Maîtriser les enjeux du carbone implique de comprendre et mesurer l’ensemble de ces quatre scopes. C’est ce que nous faisons systématiquement chez Chloé in the Sky.
Nous communiquons de manière transparente sur les émissions de chaque entreprise en portefeuille. Transparence et pédagogie sont des piliers essentiels pour bâtir la confiance avec nos partenaires CGP, family offices… et leurs clients.
Comment accompagnez-vous les family offices qui souhaitent dépasser une approche ESG normative pour construire des allocations plus résilientes et alignées avec les attentes des nouvelles générations ?
L'approche normative est pertinente quand elle repose sur une vision concrète de l'économie. Construire des normes sur des dogmes décorrélés des réalités concrètes est risqué. Actuellement, elles se construisent sur un empilement d'exigences qui exclut des industries vitales et des entreprises polluantes pourtant essentielles aux transitions soutenues par la taxonomie : c’est une vision éthérée des critères de durabilité. La construction de normes ESG par des organes nationaux ou supranationaux doit se fonder sur une vision industrielle impartiale.
Réglementer est nécessaire. Certes ce sont des contraintes pour les entreprises. Mais l'objectif est de les habituer à se positionner sur des enjeux qu'il vaut mieux anticiper que subir. La société civile l’a largement compris.
Le risque des Family offices et des CGP est d'être à la remorque de l'opinion. C'est d'être en incapacité de répondre à une exigence croissante des épargnants qui demandent qualité, transparence et cohérence dans leurs investissements.
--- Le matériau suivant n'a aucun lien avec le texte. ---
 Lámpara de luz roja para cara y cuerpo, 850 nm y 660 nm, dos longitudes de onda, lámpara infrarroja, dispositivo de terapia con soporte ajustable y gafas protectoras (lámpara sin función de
Le réseau de distribution doit se mettre à niveau sur ces sujets complexes, que leurs clients maitrisent parfois mieux qu’eux.
La pédagogie devient centrale car les conseillers financiers doivent progresser et pouvoir aborder des sujets scientifiques. Demain ils utiliseront de nouveaux outils d’aide à la vente plus pédagogiques, avec une ergonomie de présentation adaptée à ce dialogue avec leurs clients. Ainsi, leur valeur ajoutée auprès des épargnants sera entièrement justifiée. Les outils actuels ne sont pas suffisants mais nous travaillons à changer cela rapidement. La valeur ajoutée de Chloé in the Sky est d’accompagner ses partenaires à devenir capables de délivrer un conseil financier ESG qui s’affranchisse du strict périmètre normatif.